Hello friends from Wikimania team in Israel,

This is Ruben from an Aymara virtual community called "Jaqi Aru". We have been volunteering since last year. This is a non-profit organisation, so, could the conference let me sell some unique laptop bags to the attendees in order to support ourselves?? They are made by the Jaqi Aru team in order to suppor the project.



Hi Ruben. We're not very inclined to turn the conference into a semi-commercial event where people sell and buy stuff, even if it's for a good, non-profit cause. Can you provide more information about Jaqi Aru and what you do? How many bags are we talking about? Perhaps you can arrange here to sell them privately to other attendees without setting up a real booth at the venue? Harel 06:18, 11 June 2011 (UTC)Reply

Boycott Israël

Hello, who will Boycott this edition and why ? Actually I don't want to go in Israël till they don't end occupation & settlement, and they say they are a jewish land, not a democratic land. Piston 12:58, 14 June 2011 (UTC)Reply

@User:Deror avi, by what right do you delete what I'm writing ? Stop the censorship, here we are on Wikimania, not in Israël. Piston 16:19, 14 June 2011 (UTC)Reply
You said you want to boycott the event. Very well. Your absence has been noted, and we will do our best to manage without you. A message you posted above is incorrect, and yet it is irrelevant to any of the discussions here, so no one bothered to remove it or comment about it. If you'd like to post something else, I suggest it be accurate and relevant. DrorK 19:38, 14 June 2011 (UTC)Reply
Don't boycott WM Israel as hosts just because you have a difference of opinion with, presumably, the Israeli government. How much do your government's actions reflect you? Israel as a host nation presents some unique challenges and some unique bonuses-- but don't blindly boycott attending a non-profit organization event just because of its host nation! --Alecmconroy 10:53, 17 June 2011 (UTC)Reply
A boycott campaign previously succeeded in South Africa, and lot of NGO think it's very important to boycott Israël, maybe the only way to peacefully put Israël under pressure and say we want end of occupation. We want Wikimania in another location, if we massively boycott then Israël will realize it must stop. Piston 14:53, 17 June 2011 (UTC)Reply

Will we get Video of all Presentations

See also #Freedom-friendly streaming

What are the chances that we'll get live video of all the presentation, or at least, all the presentations that want to be shared with those not in physical attendance?

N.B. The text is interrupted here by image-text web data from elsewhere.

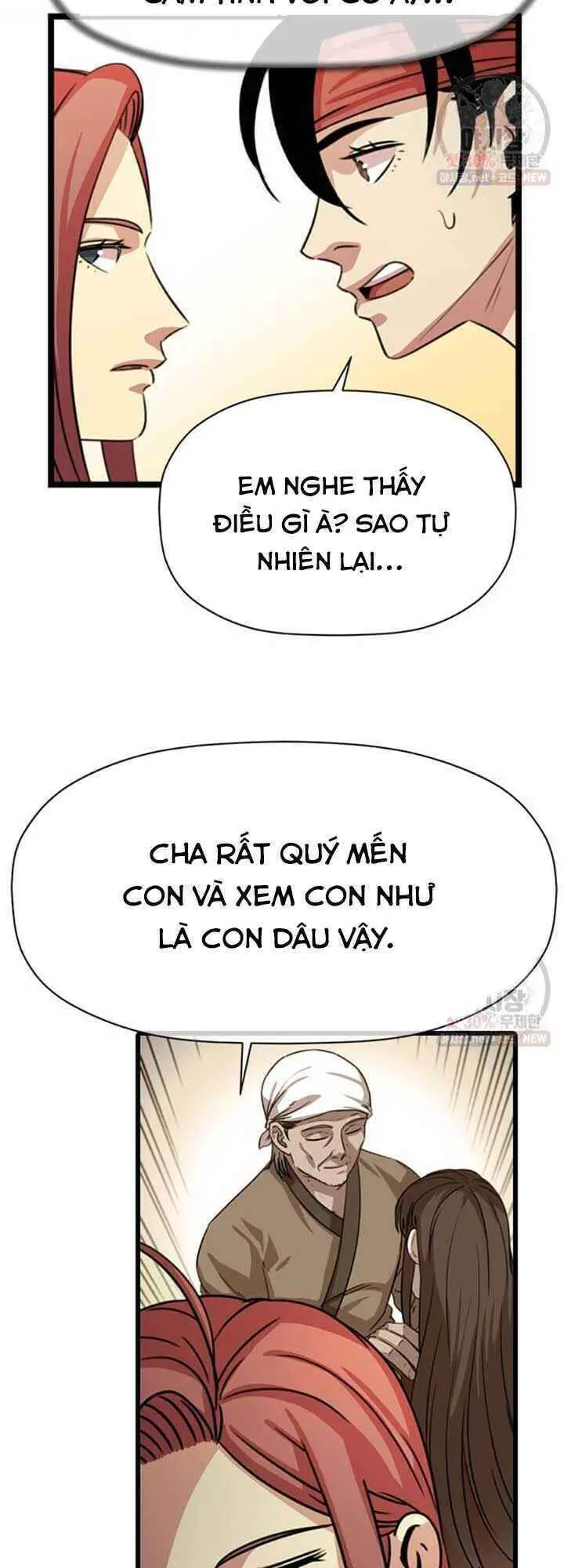 Học Giả Trở Lại Nettruyen ZZZ Chương 32 Page 8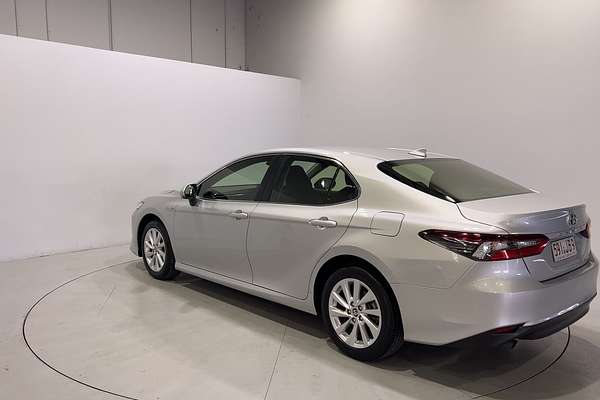 2024 Toyota Camry Ascent AXVH70R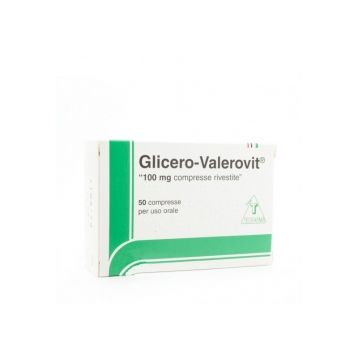 Glicero-valerovit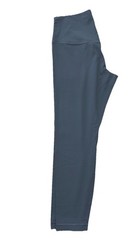 NWT💎LULULEMON💎SIZE 12💎ALIGN HIGH RISE 25”LENGTH💎AUTHENTIC💎BLUE STEEL $98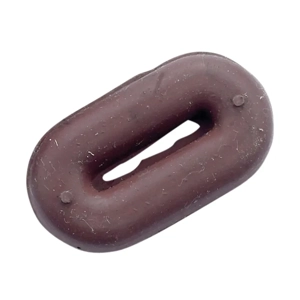 Hy Equestrian Martingale Stop Brown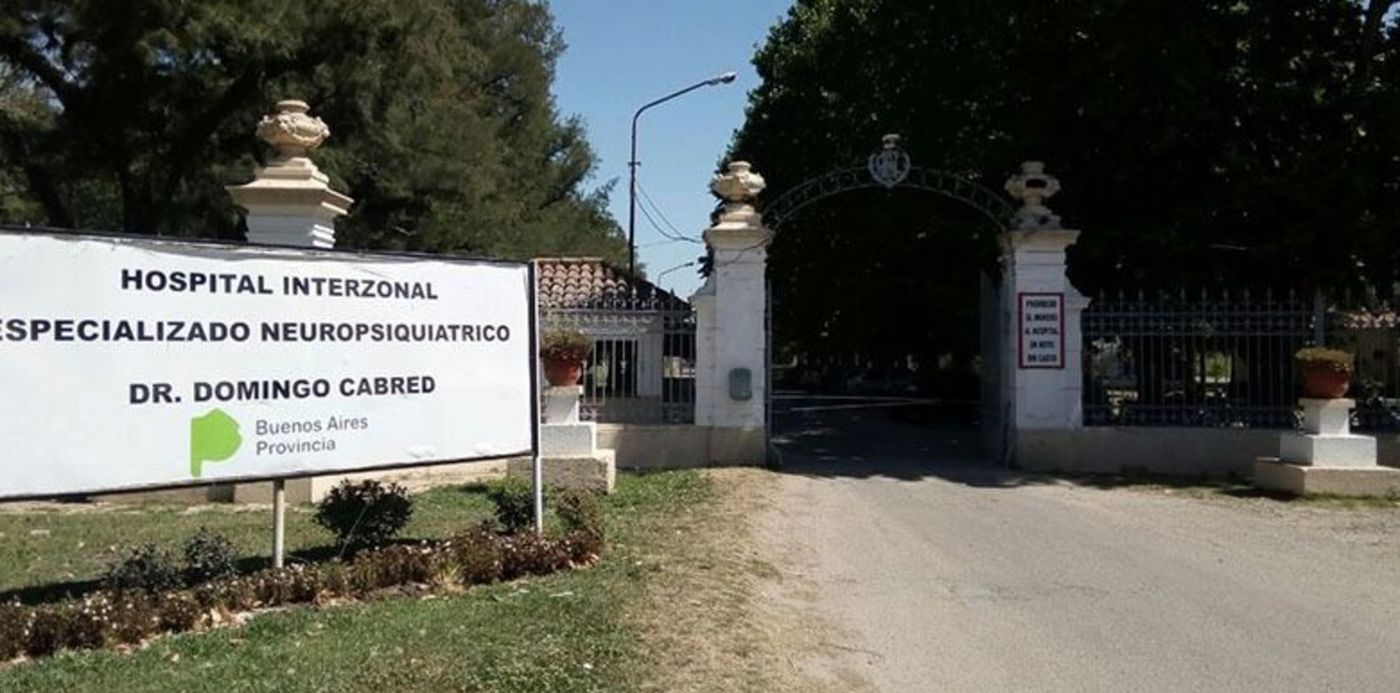 manicomio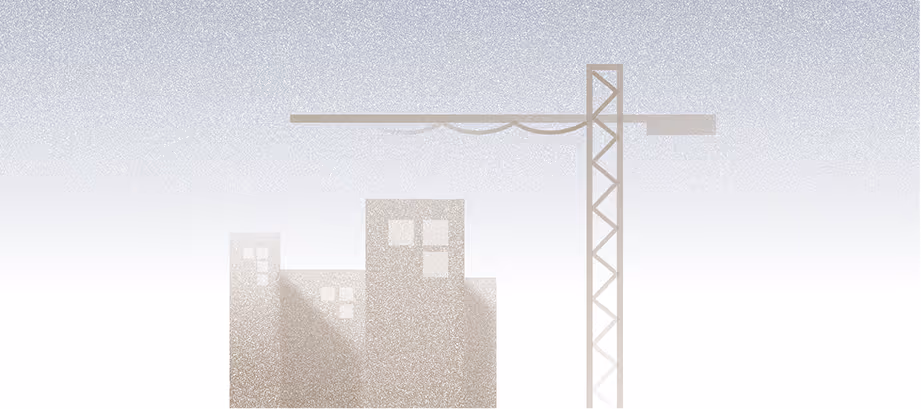 illustration: contractors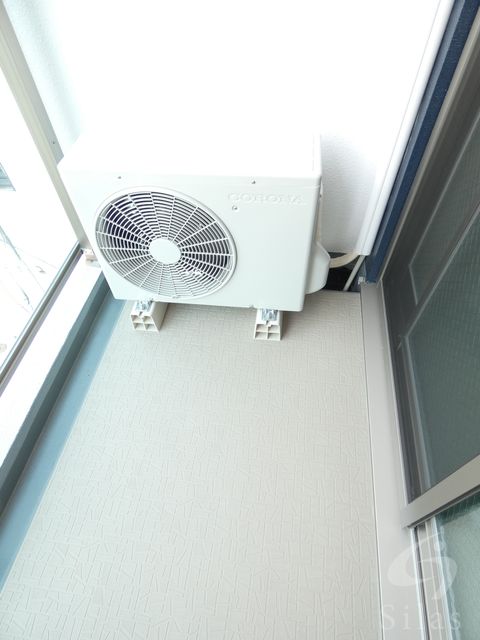 阪神本線 尼崎駅 徒歩8分 9階建 築7年の内装写真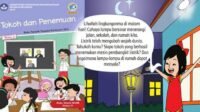 KUNCI JAWABAN Kelas 6 Tema 3 Halaman 3 4 5 6 7 8 Buku Tematik Siswa Subtema 1 Pembelajaran 1 Listrik Dalam Kehidupan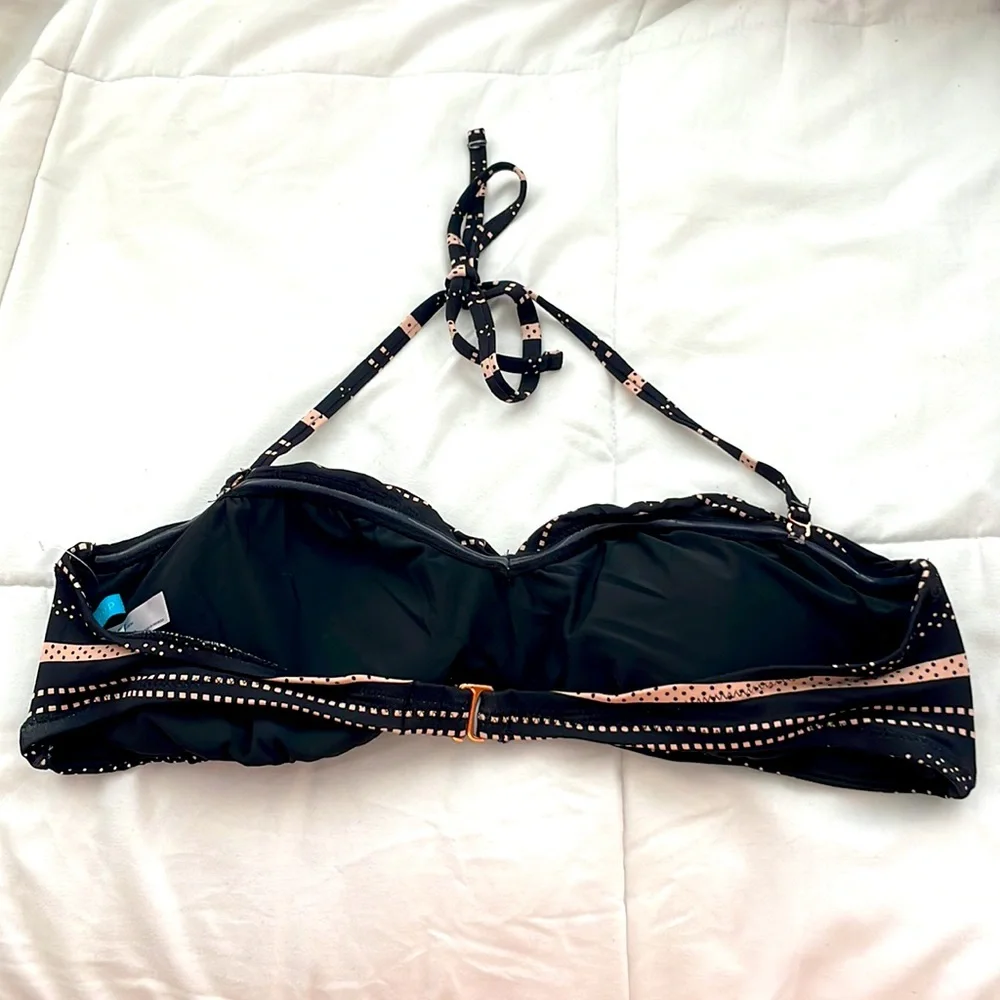 ALLIHOP Bikini Top - Picture 2 of 2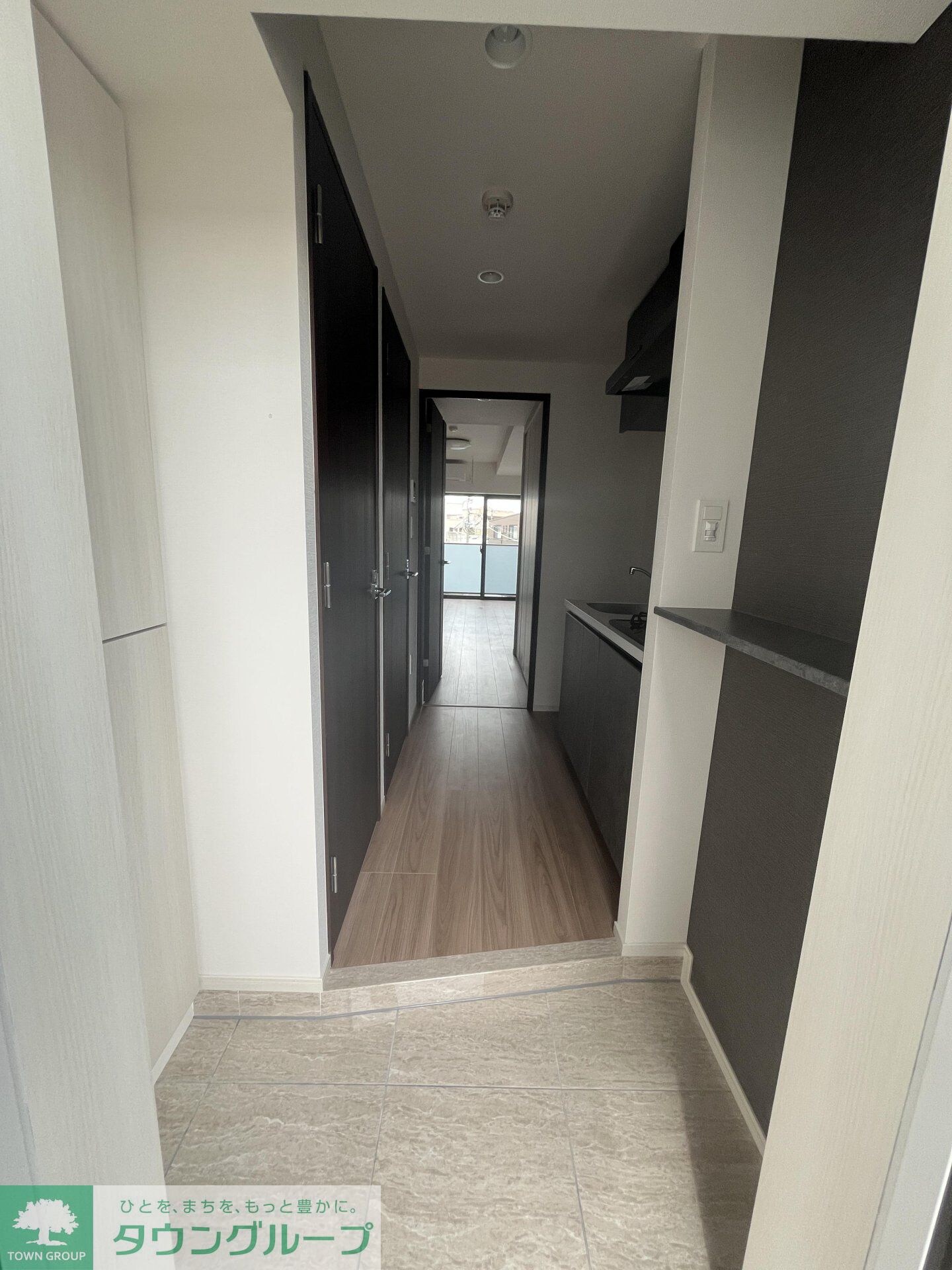 ARKMARK池袋本町の物件内観写真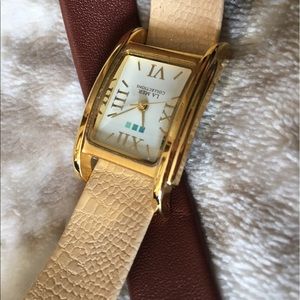 La Mer Watch- great condition!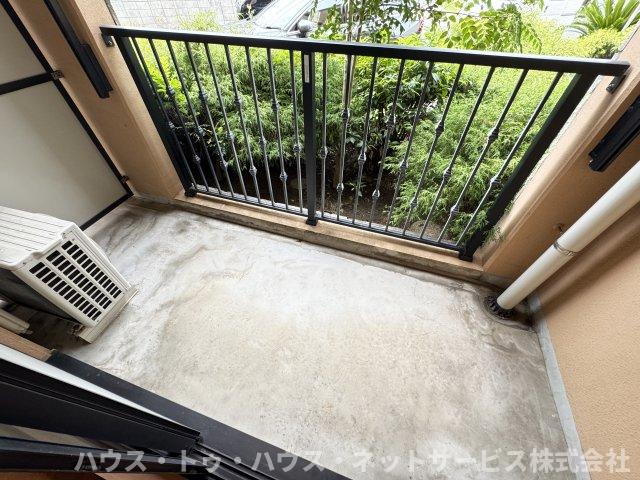INSURANCE BLDG.XVの内装写真
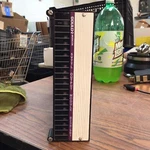 Gould Modicon B236-501 Output Module (VR9). Fixed Price $40.00.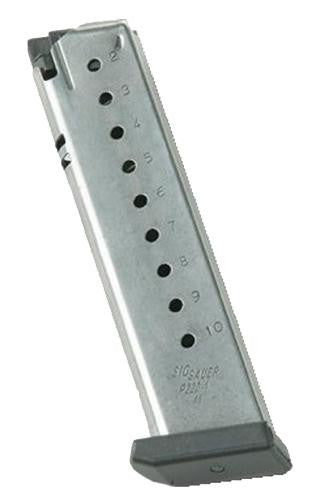 SIG MAG220C456   MAG 220 CMP 45A    6R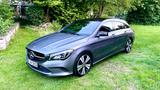 Mercedes-Benz CLA 220 Shooting Brake CLA 220 d DCT Shootin... - graue Mercedes-Benz CLA 220 Shooting Brake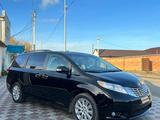 Toyota Sienna 2013 года за 10 000 000 тг. в Атырау – фото 5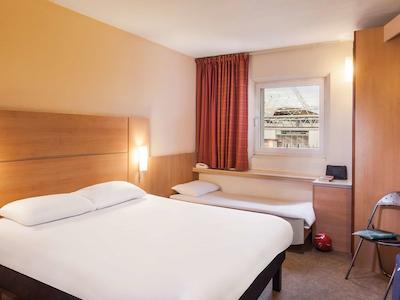 ایبیز لندن ومبلی هتل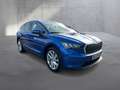 Skoda Enyaq 85 Blau - thumbnail 8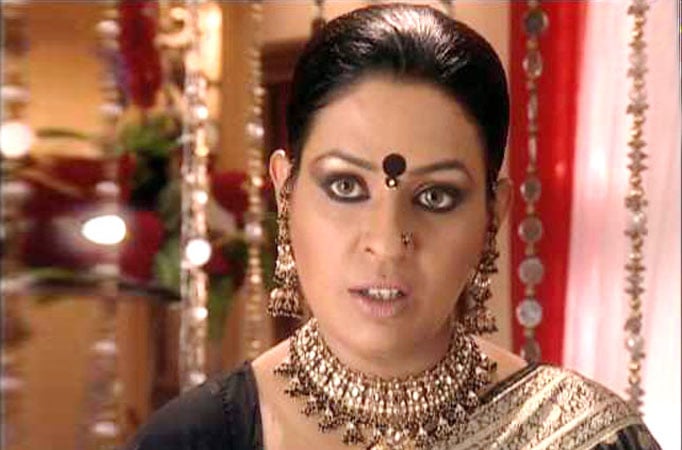 Ashwini Kalsekar Ashwini Kalsekar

Most people are shut-out of Wikimanias just by the reality of their lives. Perpetually-available video recordings of the presentations would solve most of that.

Are there plans being made to provide this? --Alecmconroy 07:26, 15 June 2011 (UTC)Reply

Yes definitely. I am not acquainted with the technical details, so I'll let other people refer to that, but in principle, all talks will be recorded and transmitted over the Internet. DrorK 09:25, 15 June 2011 (UTC)Reply
All talks will be video recorded and the videos will be put online. There might not be live streaming of the event, but I think the added value of live streaming over the availability of the videos themselves is minor. Harel 06:04, 16 June 2011 (UTC)Reply
Let me ammend- most talks will be recorded and the videos will be put online at a lated date. Workshops will not be recorded. Deror avi 07:31, 17 June 2011 (UTC)Reply

Security in the dormitories

Since I'm planning on bringing my laptop, I'm interested in knowing what security arrangements are in place for the dormitories. Do all the rooms have lockable doors for instance? Also, how easy is it to gain access to the sites? CT Cooper · talk 09:18, 15 June 2011 (UTC)Reply

All public buildings in Israel are guarded, and the dorms are no exception to that. It is a standard requirement that a public building be guarded to prevent unwelcome "guests" from entering. DrorK 09:30, 15 June 2011 (UTC)Reply
That's good to hear. CT Cooper · talk 10:14, 15 June 2011 (UTC)Reply
The dorm rooms have lockable doors. Note that some dorm rooms are two persons per room (technion and Shikma).Deror avi 07:33, 17 June 2011 (UTC)Reply

Roommates info

Sort of follow-up to #Double occupancy and #Male and female dorms?: when are we going to know who we share our room/apartment with and if the requests in the forms were fulfilled? Just to know it... "When you register at the venue" would be a fair answer, the team is already busy enough. :) Nemo 19:27, 15 June 2011 (UTC)Reply

We are pairing up people who asked for a random partner as the rooms keep filling up. We're just too busy right now to send out this information, moreover the information might change time and time again. Please write to wikimania-registration@wikimedia.org and we can tell you who your partner is if you wish to know this soon. Harel 06:06, 16 June 2011 (UTC)Reply
Or you can write directly to me and ask. Deror avi 07:33, 17 June 2011 (UTC)Reply

Signed invitation letters for Indian visa seekers

(I have emailed to the wikimania registration email id about this issue. But i am not sure if that is the correct venue; so cross posting it here too)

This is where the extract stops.